REPUBLIKA.CO.ID, JAKARTA -- Peneliti Hukum Indoensia Legal Roundtale, Erwin Natosmal Oemar mengatakan penundaan penyelesaian kasus merugikan Bambang Widjojanto (BW) dan Abraham Samad (AS). Dikhawatirkan kasus ini menjadi ajang balas dendam Polri kepada Komisi Pemberantasan Korupsi (KPK).
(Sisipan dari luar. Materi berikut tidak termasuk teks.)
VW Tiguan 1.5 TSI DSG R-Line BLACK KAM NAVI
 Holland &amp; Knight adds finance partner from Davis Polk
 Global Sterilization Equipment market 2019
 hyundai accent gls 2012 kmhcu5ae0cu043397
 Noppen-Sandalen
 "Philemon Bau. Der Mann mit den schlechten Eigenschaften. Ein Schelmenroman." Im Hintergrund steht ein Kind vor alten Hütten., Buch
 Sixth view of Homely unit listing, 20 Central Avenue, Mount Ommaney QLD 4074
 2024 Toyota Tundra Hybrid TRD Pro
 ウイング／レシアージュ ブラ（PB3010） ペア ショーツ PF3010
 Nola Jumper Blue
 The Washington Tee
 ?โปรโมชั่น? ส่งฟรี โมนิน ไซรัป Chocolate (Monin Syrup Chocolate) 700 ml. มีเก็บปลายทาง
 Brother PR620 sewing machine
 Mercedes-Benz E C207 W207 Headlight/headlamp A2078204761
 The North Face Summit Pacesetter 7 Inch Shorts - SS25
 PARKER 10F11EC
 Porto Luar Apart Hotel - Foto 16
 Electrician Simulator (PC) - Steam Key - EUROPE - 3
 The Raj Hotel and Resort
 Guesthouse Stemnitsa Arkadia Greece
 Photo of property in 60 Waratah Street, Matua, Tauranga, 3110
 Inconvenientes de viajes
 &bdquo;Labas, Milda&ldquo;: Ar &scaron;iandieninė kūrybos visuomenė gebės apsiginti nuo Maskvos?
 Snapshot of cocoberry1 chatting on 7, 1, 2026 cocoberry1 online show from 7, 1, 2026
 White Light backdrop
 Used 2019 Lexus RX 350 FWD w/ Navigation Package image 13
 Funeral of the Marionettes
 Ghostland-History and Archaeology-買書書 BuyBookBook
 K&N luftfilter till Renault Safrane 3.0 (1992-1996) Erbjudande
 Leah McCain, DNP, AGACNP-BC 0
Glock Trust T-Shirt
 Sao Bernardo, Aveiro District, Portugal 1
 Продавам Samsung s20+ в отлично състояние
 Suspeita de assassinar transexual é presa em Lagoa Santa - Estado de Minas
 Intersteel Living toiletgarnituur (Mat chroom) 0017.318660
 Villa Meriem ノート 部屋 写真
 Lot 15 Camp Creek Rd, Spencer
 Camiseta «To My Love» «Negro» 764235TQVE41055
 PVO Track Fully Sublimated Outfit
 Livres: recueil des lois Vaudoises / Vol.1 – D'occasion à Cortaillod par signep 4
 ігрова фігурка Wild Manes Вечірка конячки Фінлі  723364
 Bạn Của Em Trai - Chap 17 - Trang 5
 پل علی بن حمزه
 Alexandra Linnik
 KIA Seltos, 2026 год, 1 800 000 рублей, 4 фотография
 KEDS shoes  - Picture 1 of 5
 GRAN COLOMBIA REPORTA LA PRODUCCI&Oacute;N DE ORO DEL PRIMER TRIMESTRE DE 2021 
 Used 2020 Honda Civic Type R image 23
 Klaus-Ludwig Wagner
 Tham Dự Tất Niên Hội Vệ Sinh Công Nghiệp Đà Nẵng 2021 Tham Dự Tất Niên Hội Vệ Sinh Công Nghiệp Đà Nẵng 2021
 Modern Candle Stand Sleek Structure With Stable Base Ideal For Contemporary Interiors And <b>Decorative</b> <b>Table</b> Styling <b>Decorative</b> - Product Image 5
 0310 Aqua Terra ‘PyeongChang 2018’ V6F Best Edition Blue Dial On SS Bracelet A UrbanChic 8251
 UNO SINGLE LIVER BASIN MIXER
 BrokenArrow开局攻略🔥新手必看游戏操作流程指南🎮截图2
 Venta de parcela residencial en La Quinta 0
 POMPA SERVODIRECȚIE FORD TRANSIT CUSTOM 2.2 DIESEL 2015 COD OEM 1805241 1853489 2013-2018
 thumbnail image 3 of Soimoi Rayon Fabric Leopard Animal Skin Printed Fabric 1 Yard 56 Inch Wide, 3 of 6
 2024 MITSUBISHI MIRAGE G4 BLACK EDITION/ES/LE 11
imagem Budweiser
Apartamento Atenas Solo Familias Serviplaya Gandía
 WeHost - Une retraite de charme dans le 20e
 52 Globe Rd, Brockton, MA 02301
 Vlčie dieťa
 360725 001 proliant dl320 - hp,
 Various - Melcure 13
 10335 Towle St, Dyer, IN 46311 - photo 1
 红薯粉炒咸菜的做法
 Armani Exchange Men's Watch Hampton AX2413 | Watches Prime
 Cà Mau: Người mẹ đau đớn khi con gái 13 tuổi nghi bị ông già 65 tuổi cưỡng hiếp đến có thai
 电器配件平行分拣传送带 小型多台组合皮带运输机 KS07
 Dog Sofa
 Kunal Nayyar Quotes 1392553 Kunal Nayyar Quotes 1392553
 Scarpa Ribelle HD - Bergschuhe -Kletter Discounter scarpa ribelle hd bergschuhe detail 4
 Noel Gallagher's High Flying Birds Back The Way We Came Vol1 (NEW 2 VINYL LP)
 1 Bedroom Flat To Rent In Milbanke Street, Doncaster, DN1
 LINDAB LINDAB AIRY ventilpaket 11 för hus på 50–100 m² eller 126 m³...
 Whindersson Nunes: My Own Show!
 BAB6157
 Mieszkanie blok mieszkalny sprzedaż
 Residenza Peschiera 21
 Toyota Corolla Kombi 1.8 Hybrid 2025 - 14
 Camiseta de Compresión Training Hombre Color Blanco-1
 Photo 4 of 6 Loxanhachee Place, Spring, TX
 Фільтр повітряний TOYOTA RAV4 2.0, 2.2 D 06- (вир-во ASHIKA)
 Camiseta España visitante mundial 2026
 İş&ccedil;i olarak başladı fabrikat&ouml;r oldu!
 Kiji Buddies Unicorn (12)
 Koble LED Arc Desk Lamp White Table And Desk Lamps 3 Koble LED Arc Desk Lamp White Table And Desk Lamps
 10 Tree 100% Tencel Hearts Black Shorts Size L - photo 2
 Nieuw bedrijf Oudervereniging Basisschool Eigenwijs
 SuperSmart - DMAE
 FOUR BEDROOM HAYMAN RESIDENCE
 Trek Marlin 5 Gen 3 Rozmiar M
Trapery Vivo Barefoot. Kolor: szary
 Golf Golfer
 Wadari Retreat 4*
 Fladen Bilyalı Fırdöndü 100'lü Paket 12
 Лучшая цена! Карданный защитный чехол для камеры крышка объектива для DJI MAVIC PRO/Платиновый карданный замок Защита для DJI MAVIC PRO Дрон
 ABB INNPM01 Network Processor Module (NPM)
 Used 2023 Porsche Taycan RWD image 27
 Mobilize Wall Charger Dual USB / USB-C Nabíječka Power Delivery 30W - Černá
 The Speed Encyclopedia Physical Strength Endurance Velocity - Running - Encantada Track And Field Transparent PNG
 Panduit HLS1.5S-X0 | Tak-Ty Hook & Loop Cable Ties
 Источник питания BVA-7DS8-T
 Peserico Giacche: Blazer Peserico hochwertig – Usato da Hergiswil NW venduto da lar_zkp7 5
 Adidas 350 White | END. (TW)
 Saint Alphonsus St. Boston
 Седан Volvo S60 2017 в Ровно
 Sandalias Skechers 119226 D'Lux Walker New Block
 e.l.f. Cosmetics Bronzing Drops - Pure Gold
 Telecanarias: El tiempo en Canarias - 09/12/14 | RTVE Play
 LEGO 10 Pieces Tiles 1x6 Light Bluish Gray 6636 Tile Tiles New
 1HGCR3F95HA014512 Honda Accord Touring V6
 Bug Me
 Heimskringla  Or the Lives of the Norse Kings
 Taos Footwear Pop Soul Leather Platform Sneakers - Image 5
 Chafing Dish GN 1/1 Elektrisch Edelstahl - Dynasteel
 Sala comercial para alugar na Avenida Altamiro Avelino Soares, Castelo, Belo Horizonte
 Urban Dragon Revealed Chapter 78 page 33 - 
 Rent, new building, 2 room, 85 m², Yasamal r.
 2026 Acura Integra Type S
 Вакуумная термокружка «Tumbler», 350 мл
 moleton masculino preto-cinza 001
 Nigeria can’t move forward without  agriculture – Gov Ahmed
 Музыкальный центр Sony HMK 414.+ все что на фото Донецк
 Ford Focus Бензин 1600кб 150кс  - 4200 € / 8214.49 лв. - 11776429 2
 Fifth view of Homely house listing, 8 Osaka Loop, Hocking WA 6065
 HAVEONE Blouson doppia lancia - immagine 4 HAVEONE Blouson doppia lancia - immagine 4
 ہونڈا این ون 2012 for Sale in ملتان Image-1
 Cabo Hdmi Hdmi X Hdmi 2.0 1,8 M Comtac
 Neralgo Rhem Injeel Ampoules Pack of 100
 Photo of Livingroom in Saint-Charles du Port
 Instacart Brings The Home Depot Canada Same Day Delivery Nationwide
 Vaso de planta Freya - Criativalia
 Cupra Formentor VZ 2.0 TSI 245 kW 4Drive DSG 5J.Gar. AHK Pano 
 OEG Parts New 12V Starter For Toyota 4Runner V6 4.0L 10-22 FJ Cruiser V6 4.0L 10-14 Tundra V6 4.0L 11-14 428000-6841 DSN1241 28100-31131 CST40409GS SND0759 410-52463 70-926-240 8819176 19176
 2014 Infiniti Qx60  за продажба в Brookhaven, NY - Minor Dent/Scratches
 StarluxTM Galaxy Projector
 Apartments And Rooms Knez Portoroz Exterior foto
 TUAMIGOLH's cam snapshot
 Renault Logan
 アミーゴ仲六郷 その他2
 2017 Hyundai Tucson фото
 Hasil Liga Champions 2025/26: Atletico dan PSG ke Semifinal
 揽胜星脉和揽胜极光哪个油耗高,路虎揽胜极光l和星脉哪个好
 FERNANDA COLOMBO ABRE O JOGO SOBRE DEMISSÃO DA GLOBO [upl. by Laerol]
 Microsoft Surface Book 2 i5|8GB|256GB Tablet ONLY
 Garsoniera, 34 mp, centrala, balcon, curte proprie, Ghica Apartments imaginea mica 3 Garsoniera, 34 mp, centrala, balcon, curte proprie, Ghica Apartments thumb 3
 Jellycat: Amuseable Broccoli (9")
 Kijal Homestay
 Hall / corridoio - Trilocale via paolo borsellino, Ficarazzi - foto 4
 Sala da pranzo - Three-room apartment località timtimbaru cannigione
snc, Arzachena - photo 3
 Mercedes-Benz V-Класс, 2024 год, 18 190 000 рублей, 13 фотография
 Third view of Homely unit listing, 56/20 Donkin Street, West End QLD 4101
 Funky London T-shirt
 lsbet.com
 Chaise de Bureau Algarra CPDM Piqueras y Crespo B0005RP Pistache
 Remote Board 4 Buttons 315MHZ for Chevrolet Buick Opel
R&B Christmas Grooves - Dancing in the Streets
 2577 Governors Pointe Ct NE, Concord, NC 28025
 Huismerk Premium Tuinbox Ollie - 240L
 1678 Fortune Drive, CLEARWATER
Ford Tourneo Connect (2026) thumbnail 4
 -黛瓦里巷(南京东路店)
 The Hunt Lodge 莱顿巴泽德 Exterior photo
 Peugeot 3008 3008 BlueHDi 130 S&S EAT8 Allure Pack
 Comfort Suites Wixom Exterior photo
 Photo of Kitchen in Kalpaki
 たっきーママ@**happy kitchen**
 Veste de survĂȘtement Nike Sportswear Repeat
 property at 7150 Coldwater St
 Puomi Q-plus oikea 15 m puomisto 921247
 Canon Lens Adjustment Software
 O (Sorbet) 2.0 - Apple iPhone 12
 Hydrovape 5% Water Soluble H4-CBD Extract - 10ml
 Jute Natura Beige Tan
"Mereka berdua kehilangan kesempatan untuk kembali mengurus KPK karena status hukumnya," kata Erwin pada Republika Online (ROL), Senin (16/3). Dengan tetap menyandang status tersangka, lanjutnya, BW dan AS tidak bisa memimpin KPK, karena adanya aturan pimpinan KPK yang menyandang status tersangka harus mengundurkan diri.
Erwin mengingatkan agar kasus BW dan AS tidak menjadi ajang balas dendam Polri kepada KPK. "Jangan sampai kasus ini hanya akal-akalan polisi saja untuk balas dendam pada Komisi Pemberantasan Korupsi (KPK). Karena seharusnya mereka(Bareskrim) sudah memiliki berkas dan bukti kuat sebelum menangkap," kata Erwin. Akal-akalan ini, kata dia, terlihat dari penggunaan pasal yang dipakai untuk menjerat BW dan AS berubah-ubah.
Sebelumnya, Kabareskrim Budi Waseso mengatakan penundaan kasus BW tersebut dilakukan karena alasan situasi yang belum kondusif.